The QX55 was to arrive in dealerships this summer as a coupe-like version of Infiniti's QX50 compact crossover, with production beginning in June. But it will now start in November, suppliers were informed in a letter dated Jan. 13 from Nissan North America's manufacturing team in Aguascalientes, Mexico.
The letter vaguely referred to a need "to ensure production capability" at the plant.
A U.S. spokesman for Infiniti did not elaborate on the situation, except to say, "As noted in the letter from the production facility to suppliers, operational efficiencies drive projects to move — sometimes forward, sometimes backward— as we progress toward the start of production of a new model."
The Infiniti QX55, like the QX50, will be assembled at the $1.4 billion joint-venture Aguascalientes plant co-owned by Nissan and Daimler.
A potential competitor to the Mercedes-Benz GLC Coupe and BMW X4, the new Infiniti model is expected to be powered by a 2.0-liter turbocharged four-cylinder engine.
The QX55 has a sloping roofline inspired by the first-generation FX performance crossover. While the new model shares design elements with the QX50, the fascia is different and sports a new grille design.
The QX55 is aimed at customers "for whom utility is still important, but styling is paramount," Infiniti Product Planning Director Tim Franklin told Automotive News in October.
"It's targeted at pre-family [couples] and singles who are willing to take some compromise on space for style," Franklin said.
Adding a coupe-like derivative is a low-investment way to bring new customers into the brand, said Ed Kim, an analyst with AutoPacific.
"It offers a more style-driven counterpart to the QX50 that can potentially bring more conquest customers to Infiniti," Kim said.
"As sales of Q50 and Q60 [cars] continue to shrink, Infiniti needs to backfill their lost volume with new and relevant products.
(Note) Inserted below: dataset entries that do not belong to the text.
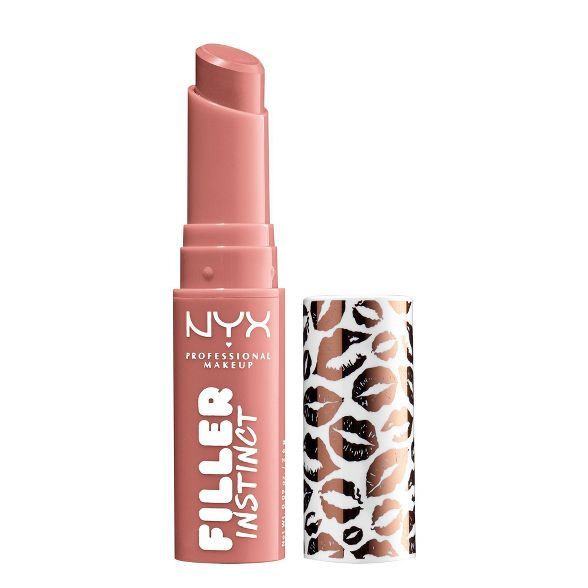 NYX Professional Makeup Filler Instinct Plump Lip Color - 0.09 fl oz | Target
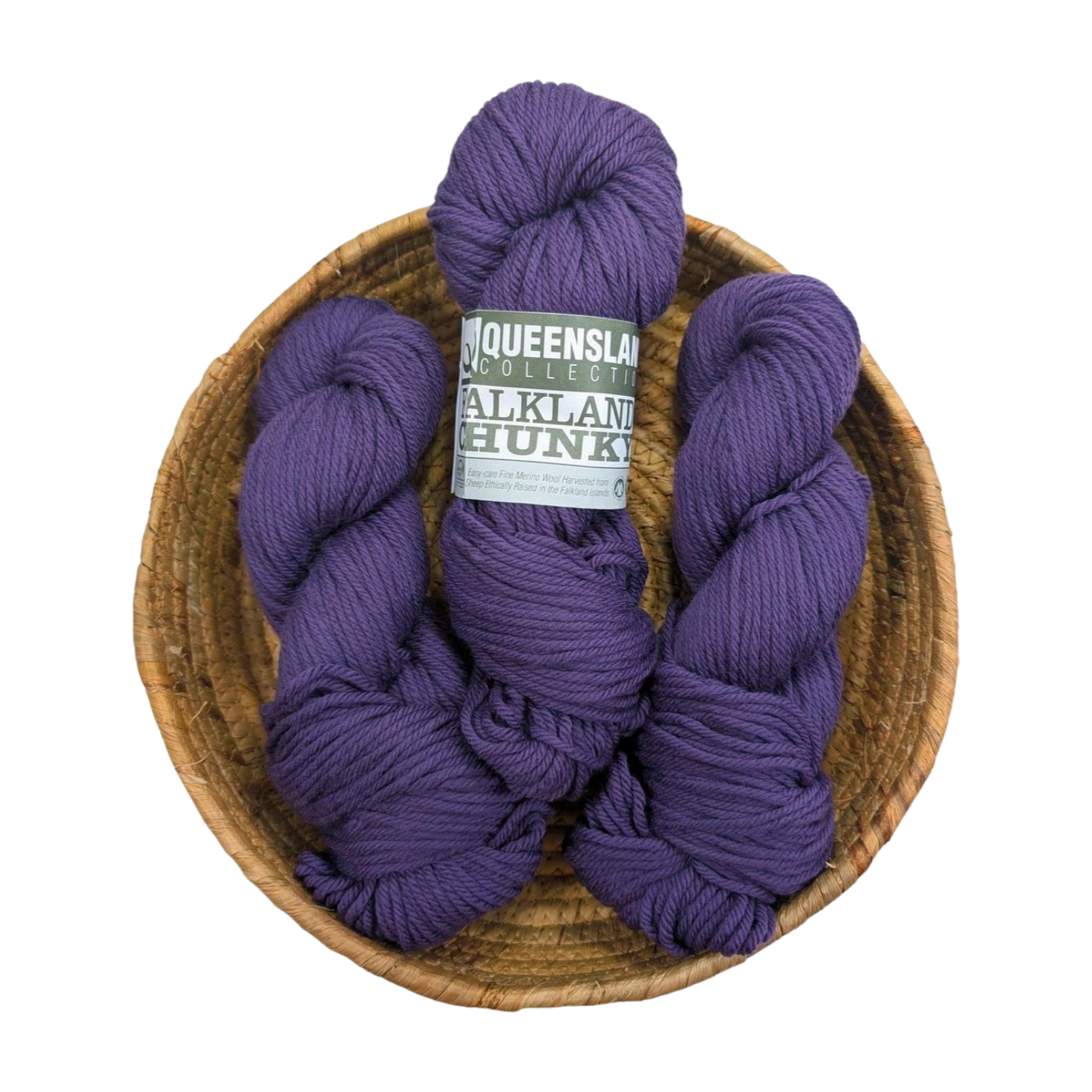 Queensland - Falkland Chunky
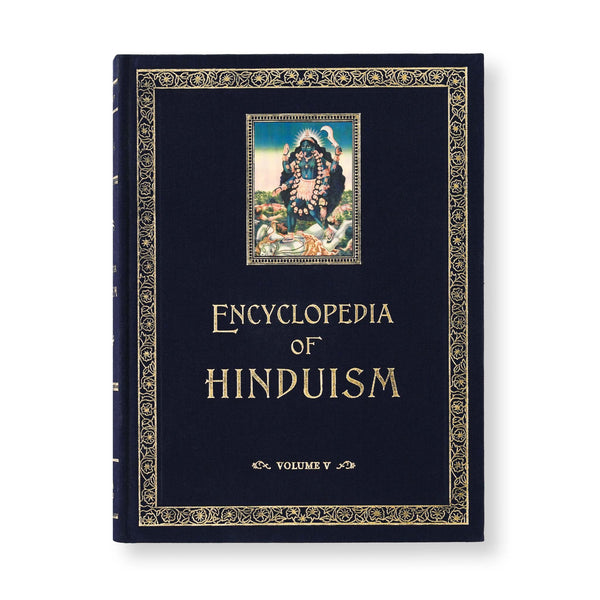 Encyclopedia of Hinduism – Insight Editions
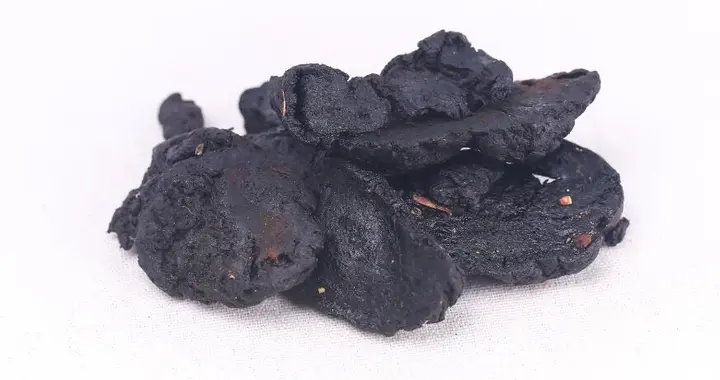 强迫行为控制不了，表面是心火旺，其实是肾水不够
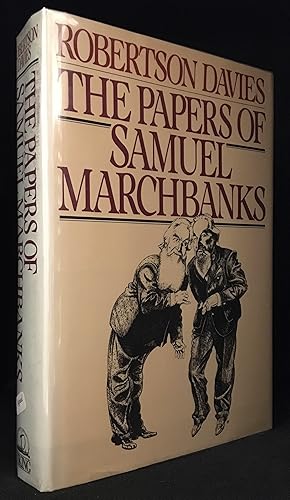 The Papers of Samuel Marchbanks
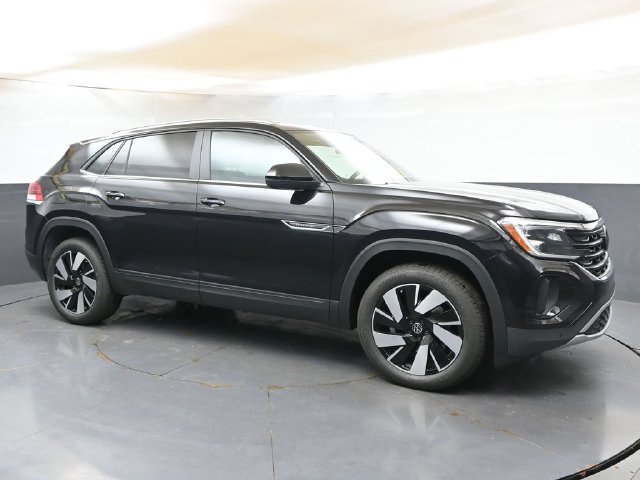 New 2026 Volkswagen Atlas Cross Sport SE AWD/4WD image 7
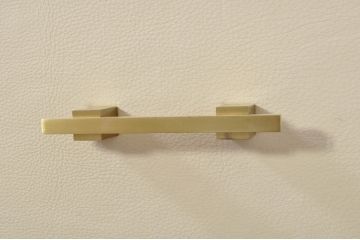 中古　高級品!!　スペイン　バロッサバレンティ(VARO,S.A. VALENTI)　ナチュラルモダンな佇まいのサイドテーブル(ナイトテーブル、エンドテーブル、花台、電話台、飾り台、サイドチェスト)(R-078111)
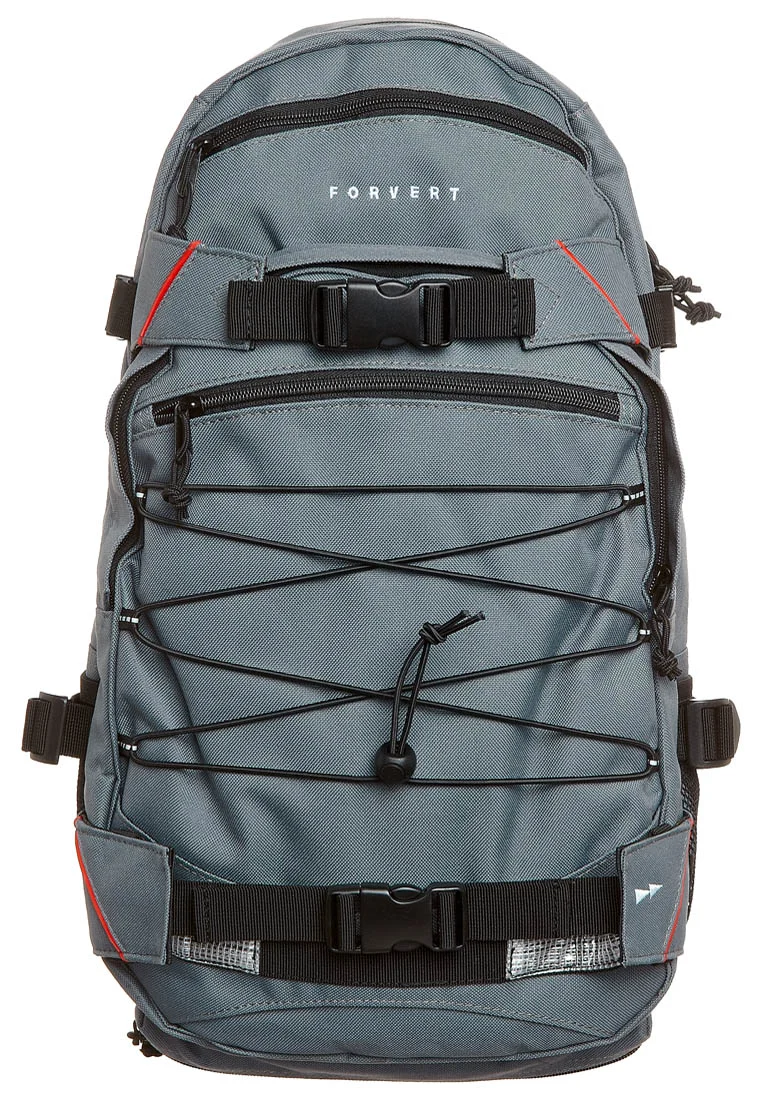 LOUIS - Tagesrucksack - grey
QX50 is one step, and QX55 is yet another."
The QX50 also suffered launch snafus. While executives heralded the QX50 as the brand's most important product since the original Q45 luxury sedan three decades ago, the model so far has failed to gain market traction. U.S. sales of the crossover fell 27 percent last year.
The brand's management last year acknowledged that the QX50 had not been launched with the right configurations.